Another challenge I foresee is my husband. I love him and he always tries to support me in everything I do but his weight just is not a struggle for him like it is for me. He can handle having fast food french fries and still manage to lose weight. I just think about a Kid's Meal and gain 5 pounds. Or so it seems. Last night he got me a grilled chicken salad at Chick Fil A and what does he bring home? A spicy chicken sandwich (fine by me, I think they're gross) and FRENCH FRIES!!! You can't fight the smell or the feeling of being deprived watching someone eat them. When I finished my salad and felt great - not that yucky my arteries are coated with grease and my stomach is going to explode feeling - I was thankful I made the right choice and only ate one of his fries. It was delicious but there is no more satisfaction that would have been gained for me to eat any more than that one. It has been a very long time since I have felt that way and I am hoping I can continue with that strength and determination.
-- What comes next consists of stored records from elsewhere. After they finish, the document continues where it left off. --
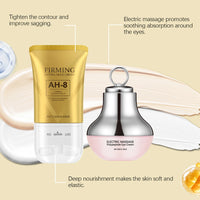 Radiant Renewal Neck & Eye Care Set™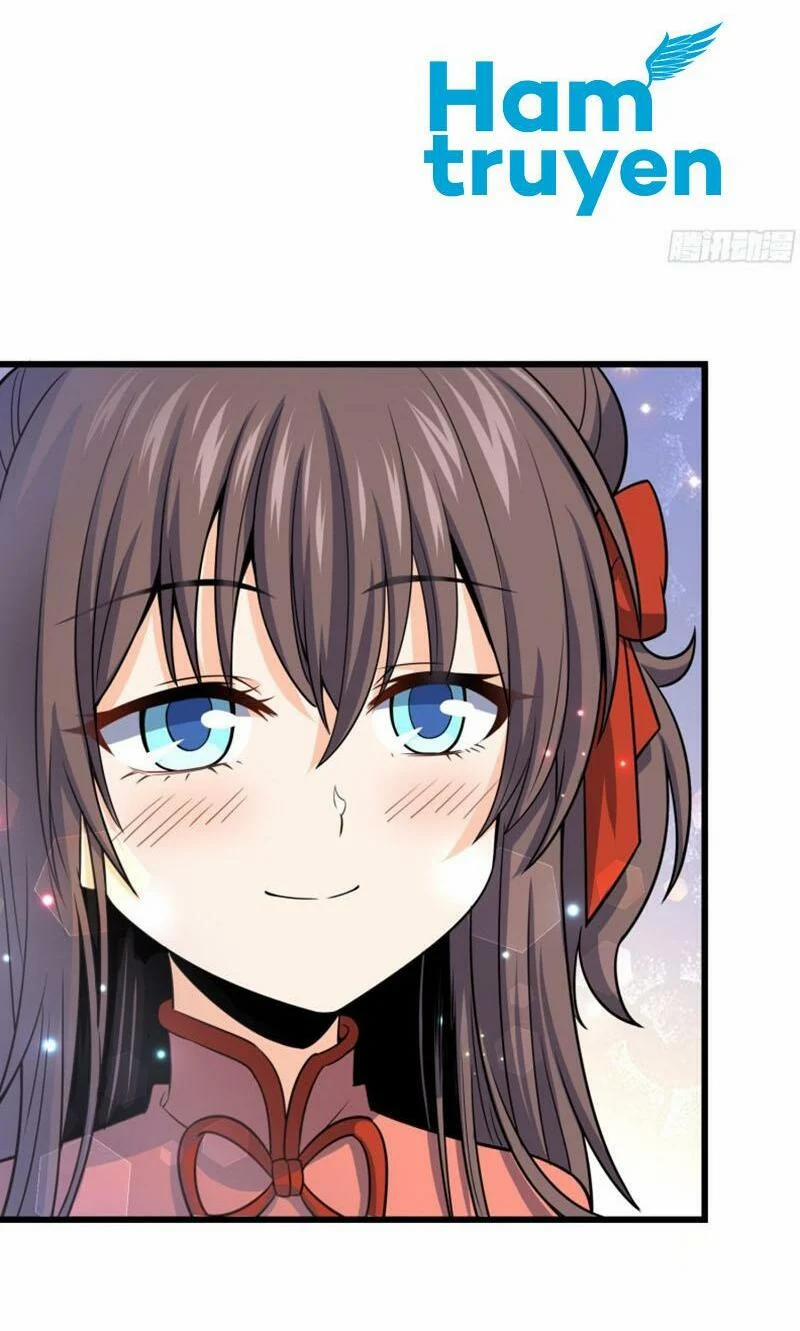 Đại Vương Tha Mạng 94 trang 53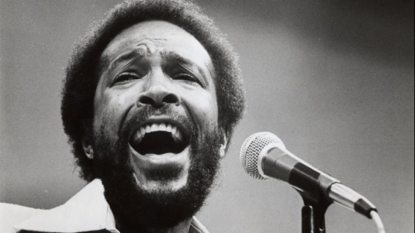 Marvin-Gaye-e1600934256744.jpg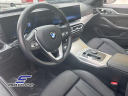 Thumbnail image of 2024 BMW 4 Series at STREAM AUTO OUTLET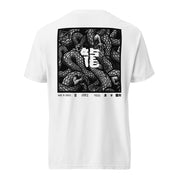 YOTD 001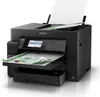 Epson EcoTank ET-16600 - Multifunktionsdrucker - Farbe - Produktbild-Vorschau 9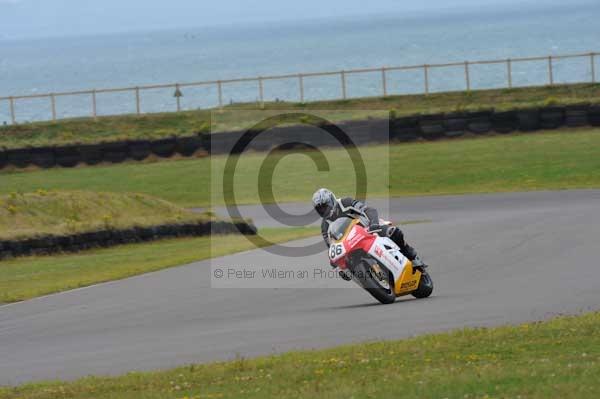Motorcycle action photographs;Trackday digital images;Ty croes;anglesey;anglesey photographs;event digital images;eventdigitalimages;no limits trackday;peter wileman photography;trac mon;trackday;trackday photos
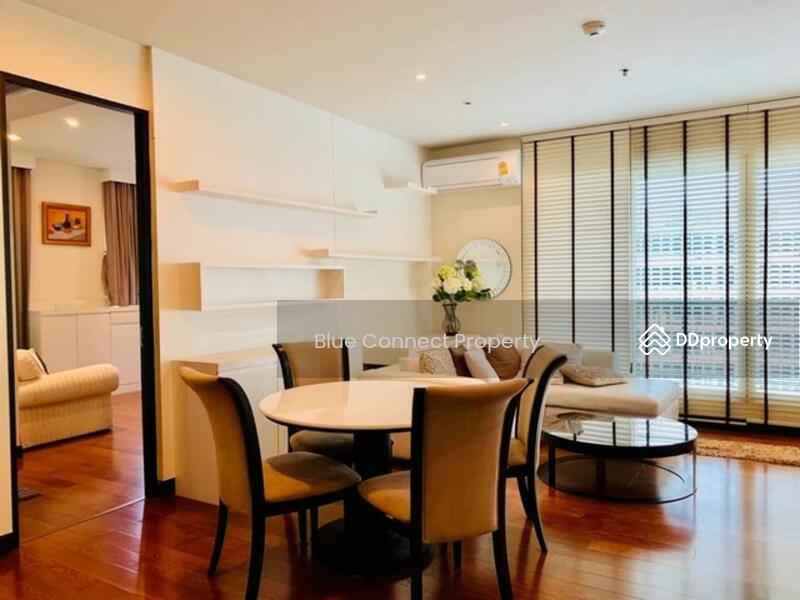 The Address Chidlom, Bangkok, Thailand The Address Chidlom, Bangkok, Thailand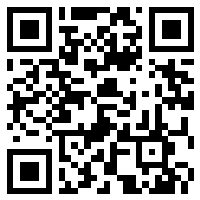 QR Code for 12eU2dWnyqN3ZYrbRE2aB1MYjEAtNiqser
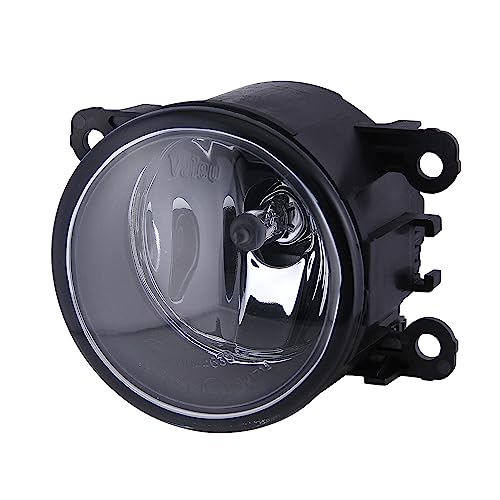 VALEO Halogen Nebelscheinwerfer, Teilenummer 88358 für die Fahrzeugmodelle Multiapplications See automotive fogSTAR Masterfile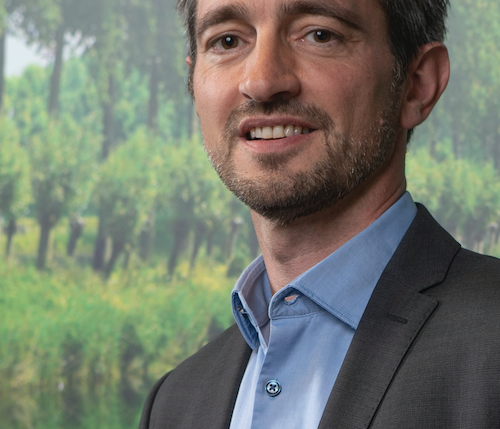 Stefan Delaet (KBC Autolease)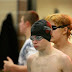 IMG_5853.jpg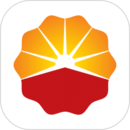 中油好客e站app下载最新版 v3.5.1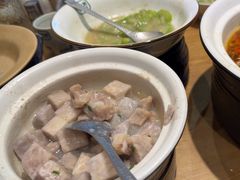 -费大厨辣椒炒肉(新城吾悦广场店)
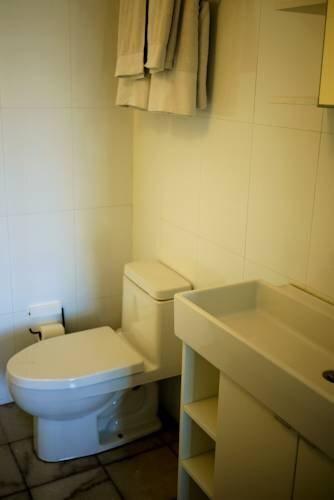 Ханчжоу: Mingtown Hangzhou International Youth Hostel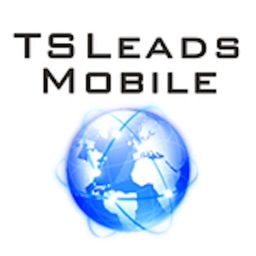 TSLeadsMobile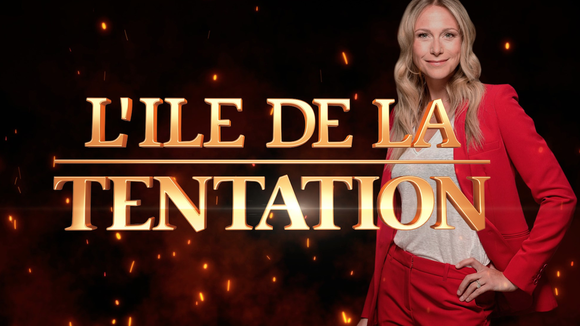 Audiences : "Section de recherches" leader, TMC puissant leader TNT, Hanouna au million, "L'île de la tentation" déçoit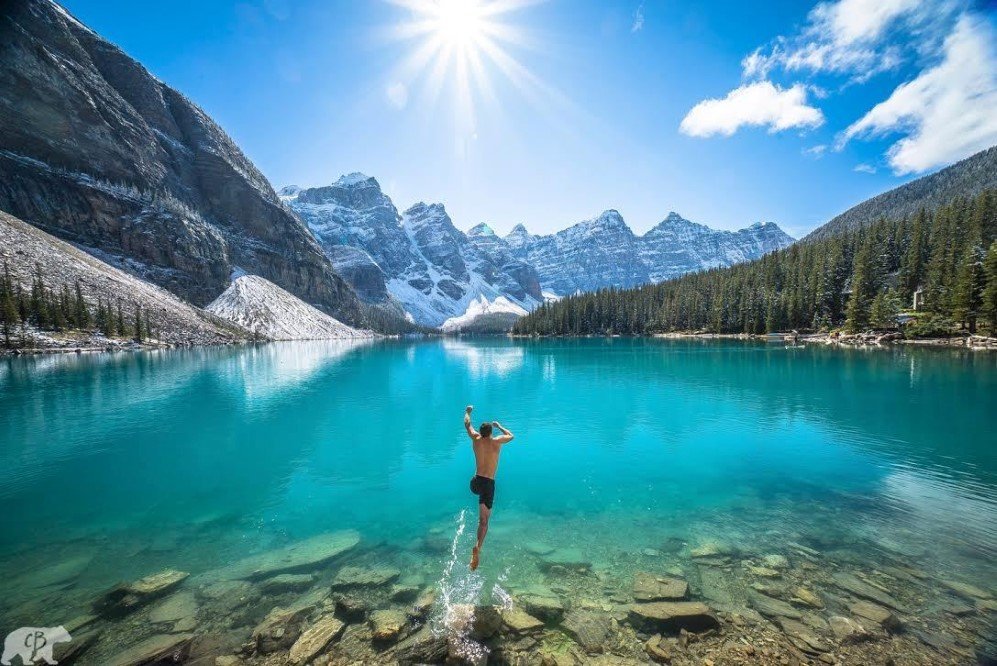 Chris Burkard Photography 19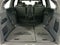 2026 Honda Odyssey Sport-L Auto
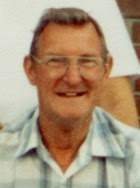 Roger Cogis Obituary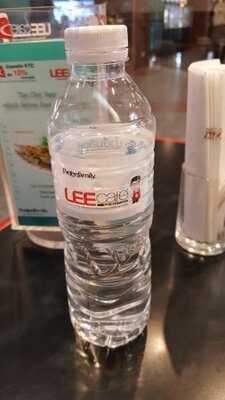 ลีคาเฟ่ - เพลินจิตเซ็นเตอร์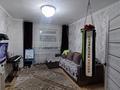 2-комнатная квартира · 61 м² · 9/12 этаж, Кошкарбаева 40 — Қошқарбаев даңғылы мен Нұрмағанбетов көшесінің қиылысы за 33.5 млн ₸ в Астане, Сарайшык р-н — фото 2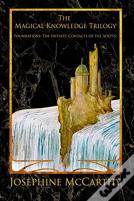 The Magical Knowledge Trilogy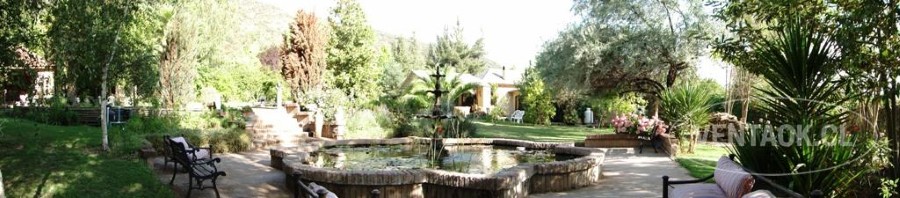 Casa en venta en Pirque — foto 7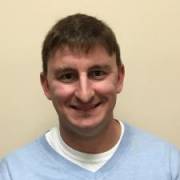 Adam's picture - Experienced High School and College Tutor Specializing in History tutor in Grant AL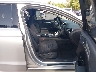 3FA6P0LU5ER****** Used and Repairable 2014 Ford Fusion Hybrid in Kansas State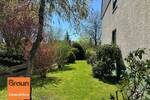 Reihenendhaus Villingen-Schwenningen Schwenningen - 5 Zimmer, 160 m&sup2;, 348.000&euro; | Angebot:26450937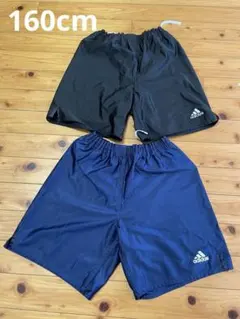 ゲームパンツ ウェア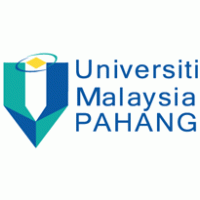 Universiti Malaysia pahang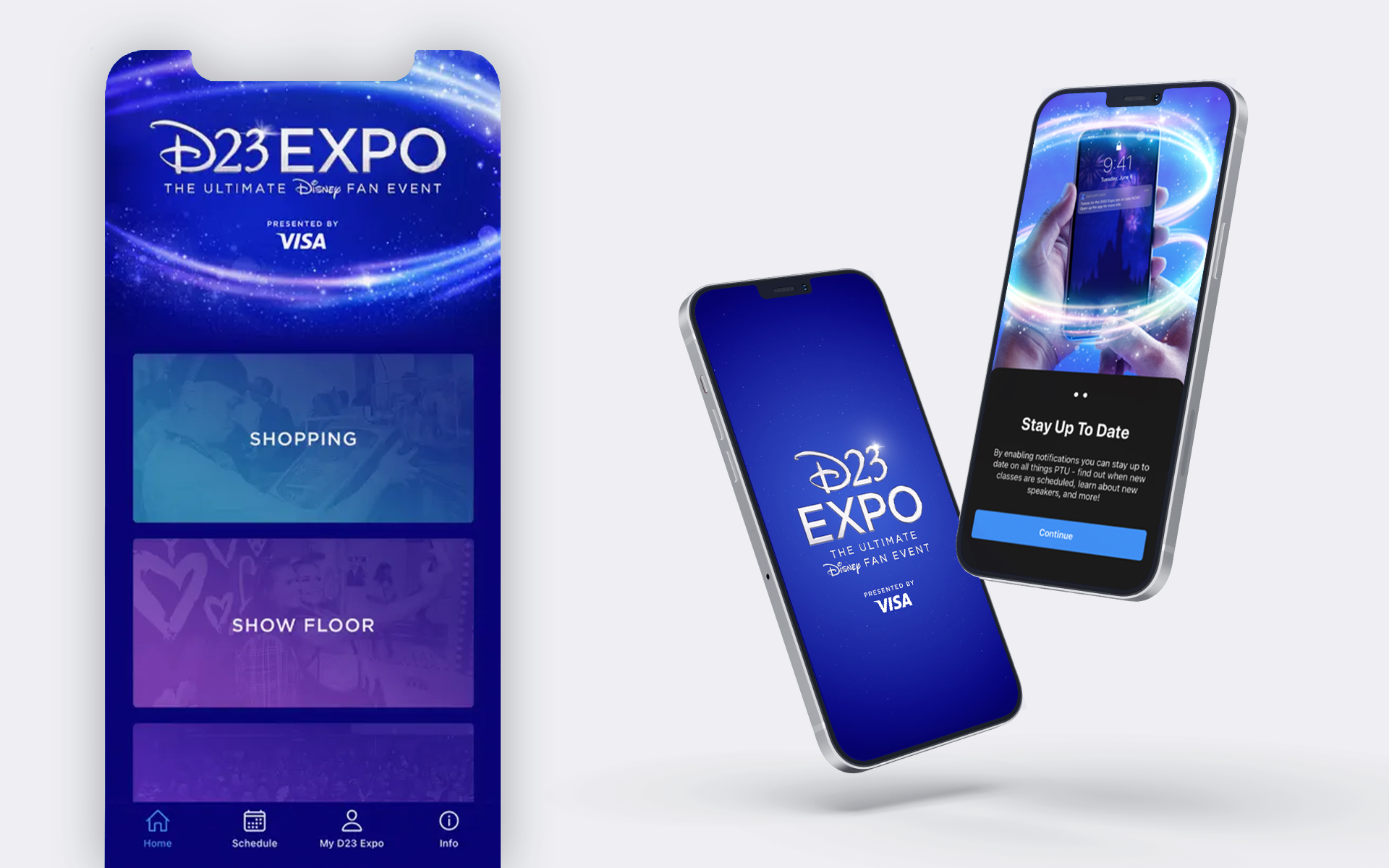 Expo22_App_Mockup.png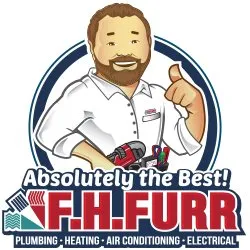 F.H. Furr Plumbing, Heating, Cooling & Electrical
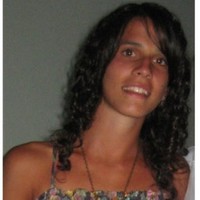 Paula Torres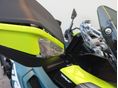 BENELLI TRK 2026/6 - 11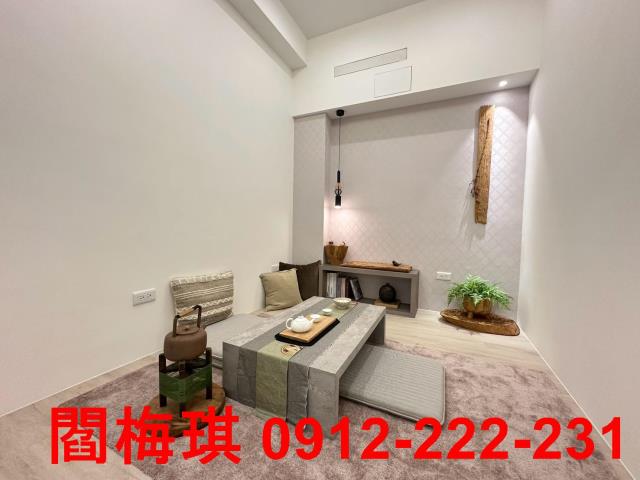 台南中西區華廈-7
I don't want to have any No-No foods but I think I cannot in good faith bring home chocolate chip cookies. I just can't control myself. I don't see any reason why we can't go out to the Cookie Company for a treat every now and then, though!!!

My time has run out. Sesame Street has ended and it's time for part two of my snack. 10 mini club crackers and 1/2 TBS of peanut butter. Eventually I'll have some whole wheat crackers but I can't be wasteful and just toss the perfectly good crackers we have right now. Proud of myself for eating that banana already. I really do despise the texture and aftertaste!!!